Big cities like Los Angeles and San Francisco can best be appreciated by taking tours, especially of – and by – the offbeat. Listed are dozens of tours led by knowledgeable guides who are themselves interesting characters or are leading a tour that fits the eccentric theme.  You can ride an antique fire engine across the Golden Gate Bridge, tour Muir Woods with a comic political activist, ride the dunes in a Humvee, or walk the streets with a certified ghost hunter.

 



Odd Shopping

Californians rank among America's best when it comes to shopping and our gift shops are famous for catering to tourist whims as well as whims you never knew you had. Among the bizarre offerings you'll find is Skeletons in the Closet, the Los Angeles Coroner's Office gift shop; a place manufacturing the "paraphernalia of conjure" for all your spell-casting needs, and shops selling everything from new clothes for dogs to used clothes for humans that have been previously worn by movie stars.
 
Quirky cuisine

Memorable for their quirky character, these restaurants are included not for the quality or price of their food, but rather because they provide an entertaining eating experience.  They also give you an alternative to the utter predictability of America’s chain restaurants. Most of these establishments are run by highly individualistic people or by corporations who know how to make eccentricity pay. You can dine surrounded by 105 aquariums or by 9,000 neckties, eat Manchurian ants sprinkled on potato strings, order take out barbeque at an auto repair shop, or watch artists do their work while you’re eating.

Rooms With a Skew

Entries for these four-dozen quirky quarters include a faux safari, converted rail cars, over-the-top fantasy theme rooms, a former hospital B & B, and entire ghost towns. Like the eating establishments above, you can expect to find some very out-of-the-ordinary individuals behind those front desks as well as some very out-of-the-ordinary experiences.  




Attractions

Kitschy, kitschy koo.

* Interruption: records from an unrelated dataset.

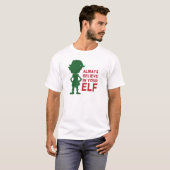 T-shirt Joli Noël Elf vacances thème amusant jeu de mots (Devant entier)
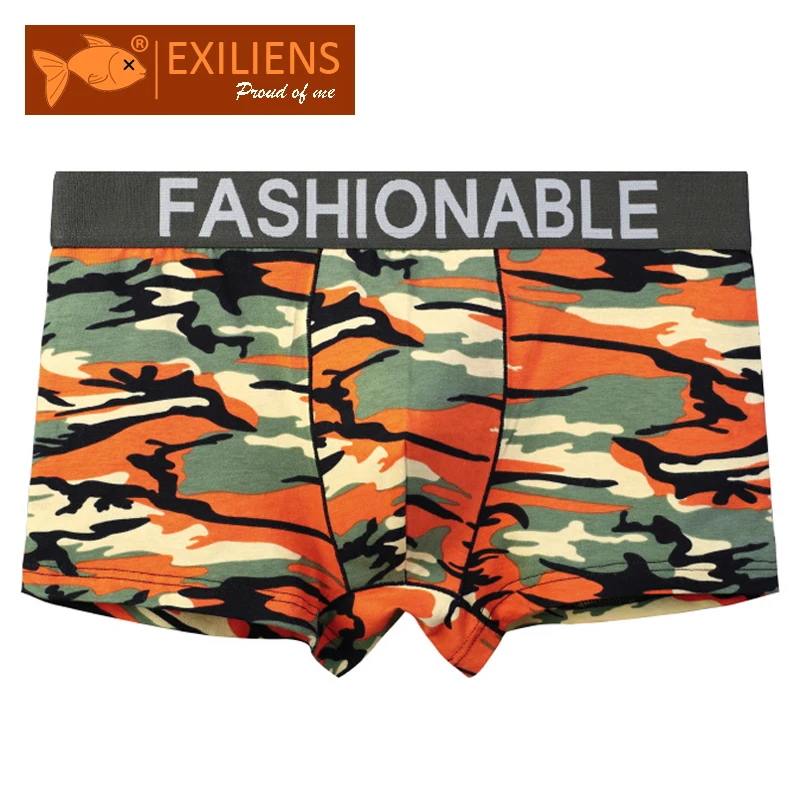 Мужские трусы-боксеры EXILIENS хлопковые камуфляжные трусы боксеры размер L-3XL |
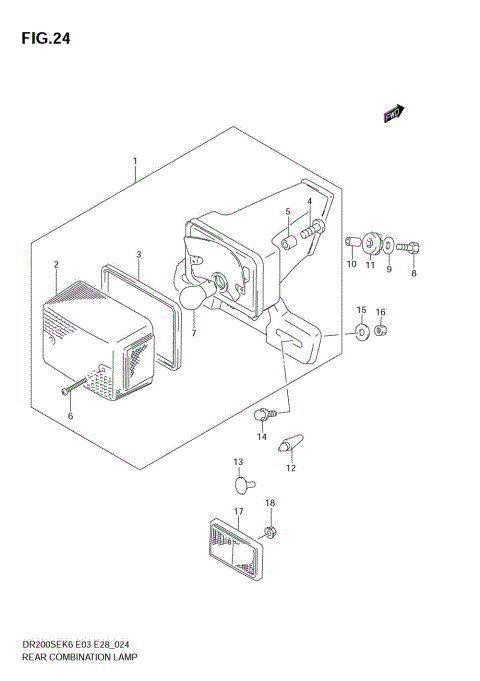 REAR COMBINATION LAMP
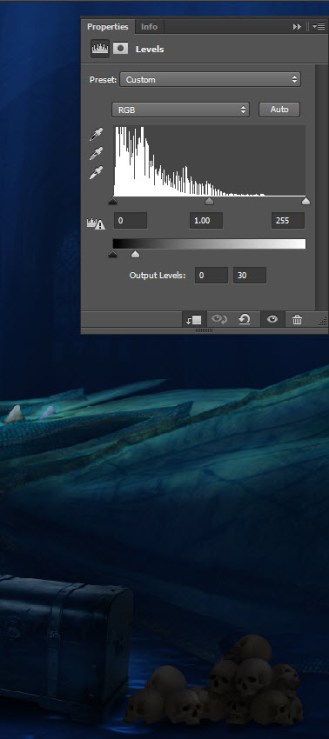 Создаем удивительную подводную сцену с драконом в Photoshop 31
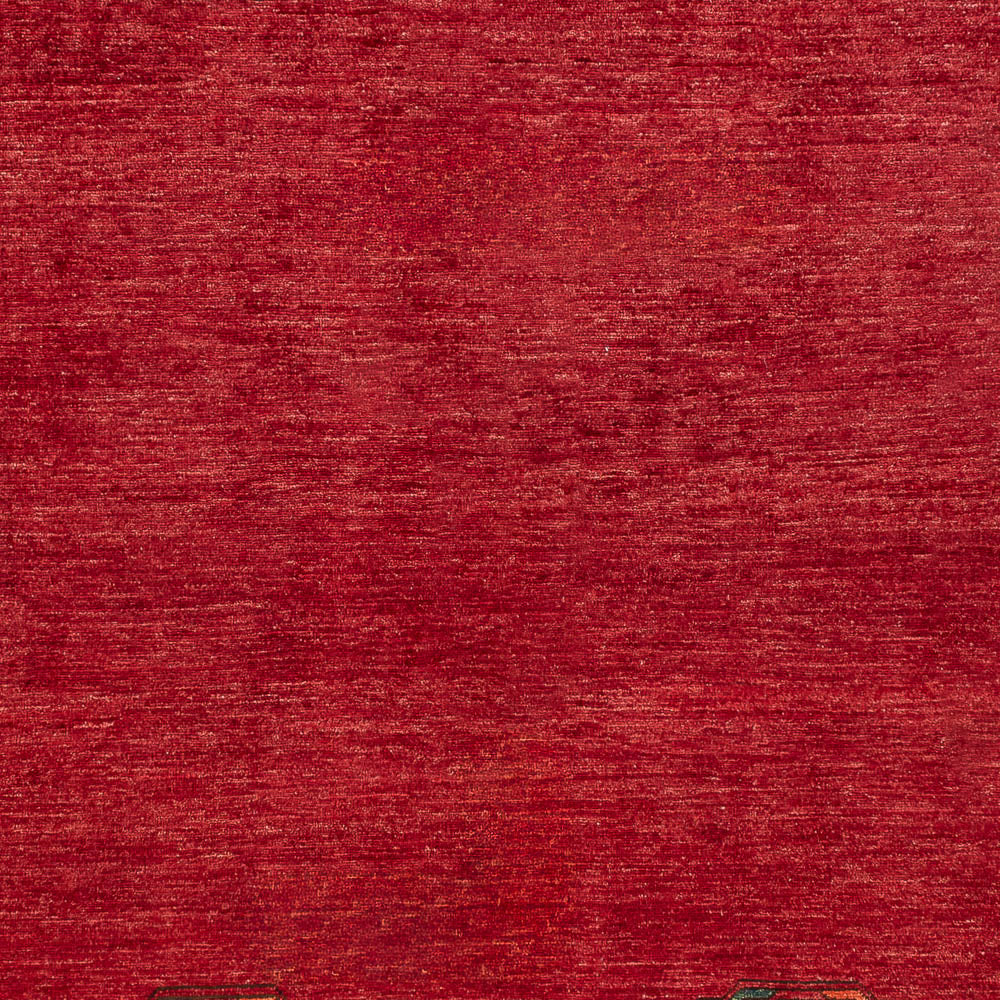Alfombra afgana - Kunduz - 288 x 216 cm - rojo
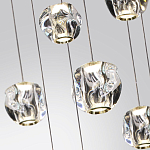 Люстра каскадня с 27-ю прозрачными шарообразными подвесами Bubbles Bocci варинант исполнения - 3 | Loft Concept в Уфе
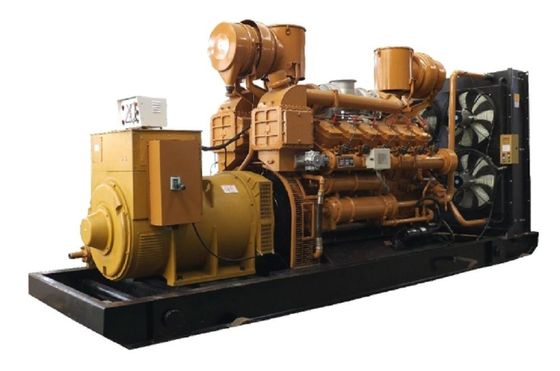 Gerador de turbina a gás de Jinan de frequência 50/60 Hz com 750 kW de potência e baixo consumo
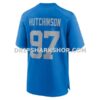 Mens Nike Aidan Hutchinson Blue Detroit Lions Alternate Game Jersey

Here you’ll find the offbeat and wacky attractions like weird buildings, strange amusements, and the kind of kitsch roadside for which California is famous.  While some are professionally designed and managed, others are homemade and quite funky. Among them you can feel music as it moves over, under, and right through you or enjoy one man’s idea of a Playland-Not-At-The-Beach.


 
Just plain weird

This catchall category describes people or places that defy labeling, although it could be said that most of the entries in this book could fit in this category. So, if a listing didn’t fit naturally into one of the other categories, or if it has a multiple personality, it ends up here.

 
Quirk Alerts

These are entries worthy of extra attention, either because the story is just too weirdly wonderful to be missed or because it's a not-to-be-forgotten eccentricity that no longer exists.  Most of them are of the "You just won't believe this" variety.